I had no confidence and often found myself walking into the wrong room or talking to the wrong people. Throughout my awkward teenage years, I relied on memory to navigate, often not knowing where things were, especially computer screens and other locations. However, once shown, I could find my way around. I lacked the confidence to go to college or university, but spent my late teens and early adulthood like most people: I got married, had children and while my friends and family always knew I had poor eyesight, they didn’t realise the full extent of it.
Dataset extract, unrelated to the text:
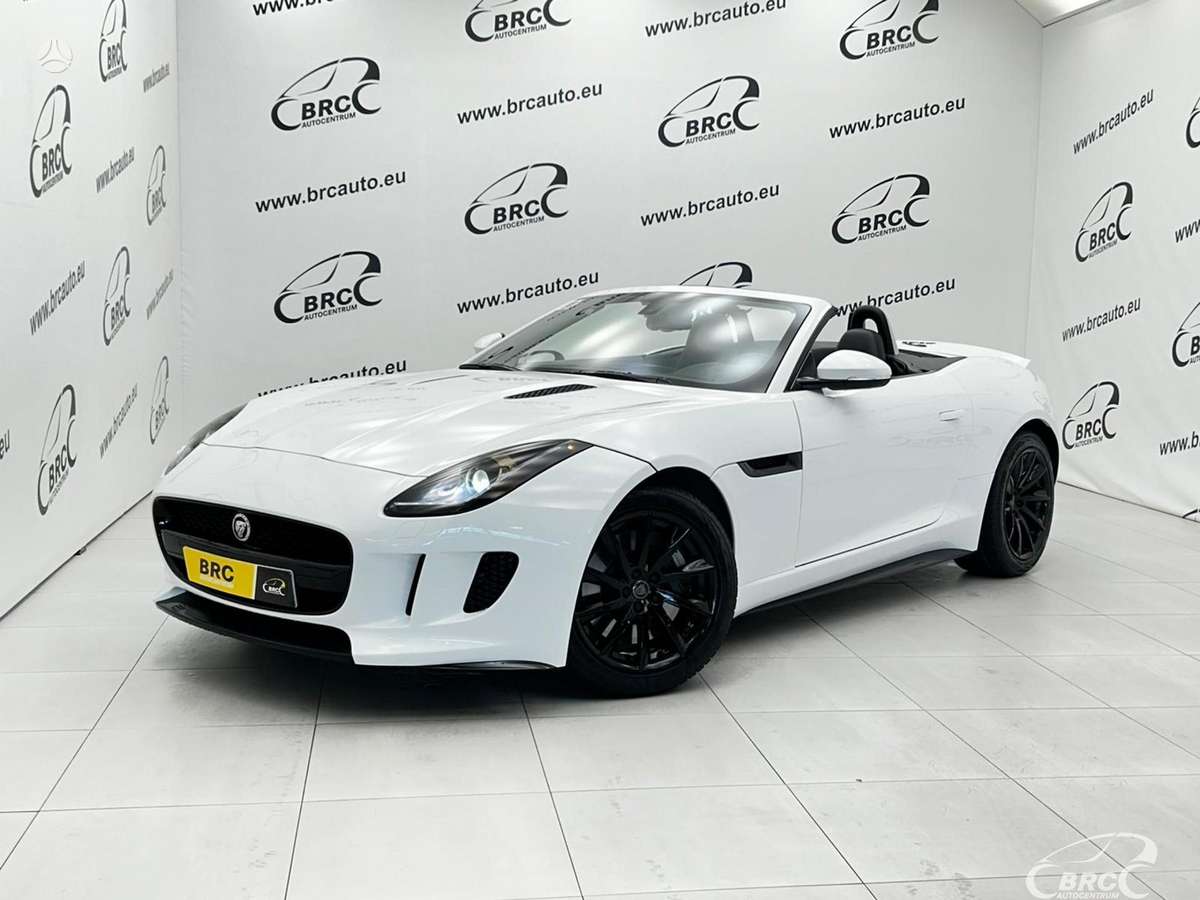 Jaguar F-Type, 3.0 l., Кабриолет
It wasn’t until I had more time on my hands and started to struggle more (partly due to age) that I began to research my conditions: partial albinism, astigmatism and of course, nystagmus. I had a light bulb moment and realised that all the things I struggled with growing up were related to these conditions. I strongly recommend that people learn about their eye conditions. It is now so important that we talk about them, spread awareness and ask for help. It is encouraging that there is support available for younger generations through organisations like Nystagmus Network. Hopefully, they will not have the same lonely and sometimes isolated life that I had due to the lack of awareness and help. Please don’t get me wrong, I don’t wallow in self pity; I love my life—it’s just a bit harder at times.